Coiled tubing, jointed pipe, or other similar tubular members generally include cylindrical tubing made of metal or composite. The tubular members may be introduced into an oil or gas wellbore or pipeline through wellhead control equipment to perform various tasks during the exploration, drilling, production, and workover of the well/pipeline. For example, coiled tubing may be inserted by a coiled tubing injector apparatus. Such injectors generally incorporate a pair of opposed endless drive chains which are arranged in a common plane. The drive chains are often referred to as gripper chains because each chain has multiple gripper blocks attached along the chain for handling the tubing as it passes through the injector.

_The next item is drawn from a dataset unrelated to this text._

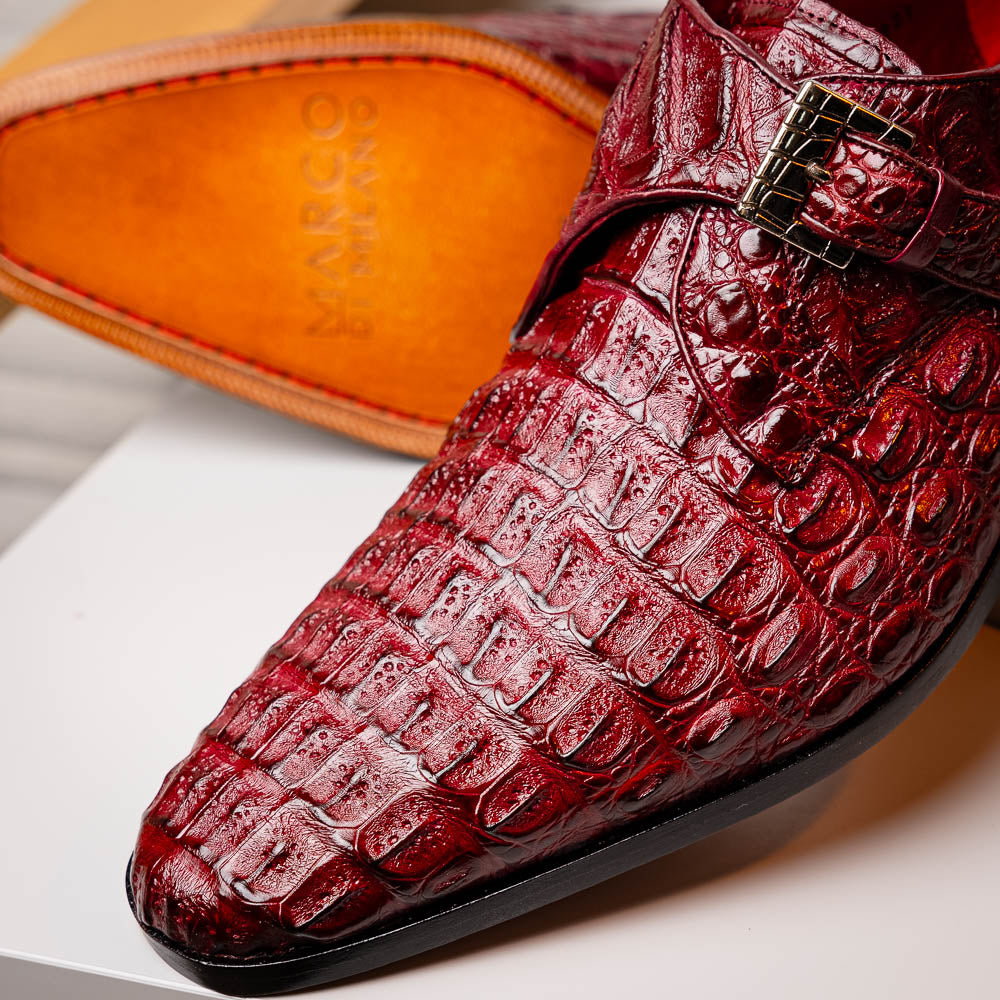 A pair of Luigi Wine monk strap dress shoes by Marco Di Milano, crafted in burgundy crocodile-pattern leather with silver buckles—one shoe displays the sole featuring the Marco Di Milano branding.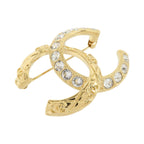 Chanel CC Brooch · Metal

The opposed gripper chains are generally provided with a predetermined amount of slack which allows the gripper chains to be biased against the tubing as the tubing moves into and out of the wellbore. This biasing is accomplished with an endless roller chain disposed inside each gripper chain. Typically, each roller chain engages sprockets rotatably mounted on a respective linear beam. The linear beams may be moved toward one another so that each roller chain is moved against its corresponding gripper chain such that the tubing facing portion of the gripper chain is moved toward the tubing so that the gripper blocks can engage the tubing and move it through the apparatus. When the gripper chains are in motion, the gripper blocks will engage the tubing along a working length of the linear beam. Each gripper chain has a gripper block that comes into contact with the tubing at the top of the working length of the linear beam as another gripper block on the same gripper chain breaks contact with the tubing at the bottom of the working length of the linear beam. This continues as the gripper chains force the tubing into or out of the wellbore.
Tubular members introduced into the wellbore may not have a constant cross section. For example, a variety of outside diameters of tubing may be used in a particular drilling operation, or a pipe joint or connector between two reels of coiled tubing may result in a change in outside diameter of the tubular member directed into the wellbore through the injector.
Some specific exemplary embodiments of the disclosure may be understood by referring, in part, to the following description and the accompanying drawings.
While embodiments of this disclosure have been depicted and described and are defined by reference to exemplary embodiments of the disclosure, such references do not imply a limitation on the disclosure, and no such limitation is to be inferred. The subject matter disclosed is capable of considerable modification, alteration, and equivalents in form and function, as will occur to those skilled in the pertinent art and having the benefit of this disclosure. The depicted and described embodiments of this disclosure are examples only, and not exhaustive of the scope of the disclosure.
The present disclosure relates generally to operations performed and equipment utilized in conjunction with wellbore operations and, in particular, to moving tubular members in and out of a well.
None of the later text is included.